L’ancien droit de Rome est pour nous très-obscur ; il l’était déjà pour Cicéron. Ce que nous en connaissons ne remonte guère plus haut que les Douze-Tables, qui ne sont assurément pas le droit primitif de Rome, et dont il ne nous reste d’ailleurs que quelques débris. Ce code autorise le testament ; encore le fragment qui est relatif à cet objet, est-il trop court et trop évidemment incomplet pour que nous puissions nous flatter de connaître les vraies dispositions du législateur en cette matière ; en accordant la faculté de tester, nous ne savons pas quelles réserves et quelles conditions il pouvait y mettre[1]. Avant les Douze-Tables nous n’avons aucun texte de loi qui interdise ou qui permette le testament.
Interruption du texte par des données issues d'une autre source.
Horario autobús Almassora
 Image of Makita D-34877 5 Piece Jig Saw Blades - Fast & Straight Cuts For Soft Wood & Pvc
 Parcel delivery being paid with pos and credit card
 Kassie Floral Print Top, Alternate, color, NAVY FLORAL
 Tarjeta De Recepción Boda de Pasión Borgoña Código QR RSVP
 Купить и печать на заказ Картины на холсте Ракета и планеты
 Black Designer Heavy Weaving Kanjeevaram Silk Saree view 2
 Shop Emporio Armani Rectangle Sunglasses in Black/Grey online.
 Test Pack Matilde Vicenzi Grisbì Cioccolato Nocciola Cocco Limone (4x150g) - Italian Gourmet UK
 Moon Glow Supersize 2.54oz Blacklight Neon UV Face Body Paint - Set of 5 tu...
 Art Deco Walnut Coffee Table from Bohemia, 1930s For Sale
Mais la langue conservait le souvenir d’un temps où il n’était pas connu ; car elle appelait le fils héritier sien et nécessaire. Cette formule que Gaius et Justinien employaient encore, mais qui n’était plus d’accord avec la législation de leur temps, venait sans nul doute d’une époque lointaine où le fils ne pouvait ni être déshérité ni refuser l’héritage. Le père n’avait donc pas la libre disposition de sa fortune. À défaut de fils et si le défunt n’avait que des collatéraux, le testament n’était pas absolument inconnu, mais il était fort difficile. Il y fallait de grandes formalités. D’abord le secret n’était pas accordé au testateur de son vivant ; l’homme qui déshéritait sa famille et violait la loi que la religion avait établie, devait le faire publiquement, au grand jour, et assumer sur lui de son vivant tout l’odieux qui s’attachait à un tel acte. Ce n’est pas tout ; il fallait encore que

  1. Uti legassit, ita jus esto. Si nous n’avions de la loi de Solon que les mots διάθεσθαι ὅπως ἂν ἐθέλῃ, nous supposerions aussi que le testament était permis dans tous les cas possibles ; mais la loi ajoute ἂν μὴ παῖδες ὦσι.